So it may be with the physical Bibles that we use for reading and preaching. For some of us, form is of little regard. We will pick up whatever comes to hand and go forth to battle. Others, more particular, or with a measure of permanence and precision in mind, look for the specific implement that best accentuates whatever natural and honed abilities we might have. That may be true for the general Bible reader, and is likely to be more true for the regular Bible preacher. I want to address both the reader and the preacher in this review, with an eye more to the aficionado than the barbarian.

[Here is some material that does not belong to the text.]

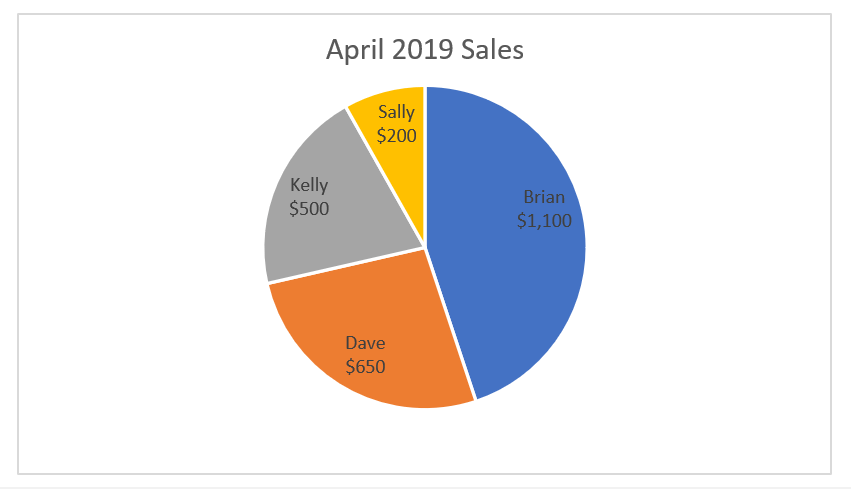 Monthly Budget Pie Chart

The subject of my critical gaze will be the Schuyler Quentel Edition of the New King James Version. As a private and public reader and also a preacher of the Bible, I have a keen interest in a physical volume that lends itself to the rigours and demands of consistent and varied use. I would contend that there is real value in the preacher actually carrying a Bible into the pulpit (or any other preaching arena) with him. There is significance in evidently returning to the book in the course of one’s preaching, both by way of spoken and visual reference. It grounds one’s discourse in the very Word of God, with all the implications of authority and sufficiency that such reliance should communicate. And herein lies the problem. Depending on the regularity with and manner in which one refers to the Scriptures, a number of challenges arise. Many preachers, especially as they age, will find that the text of some Bibles is simply too small, or becomes so, leaving the congregation either with the sight of a man’s face replaced by the back of a little book, or regular close-ups of the top of his head as he bends to scour the page. In addition, with repetition comes familiarity, and many preachers can find even the most obscure text in the book and on the page by its location, almost instinctively thumbing to the right spot and casting an eye on the right portion. All this adds up to a more natural and even seamless relationship to the written word in the act of preaching. After a few years, even if one is careful, the Bible over which one pores and paws, perhaps in the armchair and the study, as well as in the pulpit, starts to wear out. The search begins for a new copy, but the desire may be for one which effectively mirrors the previous copy, so that the familiarity and facility are retained. And then the horrific discovery is made that some blighted publisher has only gone and decided to issue seven new editions, none as readable as the earlier ones, and none retaining the same format, often completely retypeset, and all that is now available is the Slovenian Basketweaver’s Edition with hessian cover for the horny-handed sons of toil, available in canary yellow or puce. The disappointment is crushing. One begins to search for some local bookbinder with the requisite skills to get another few years out of your increasingly haggard copy of God’s word.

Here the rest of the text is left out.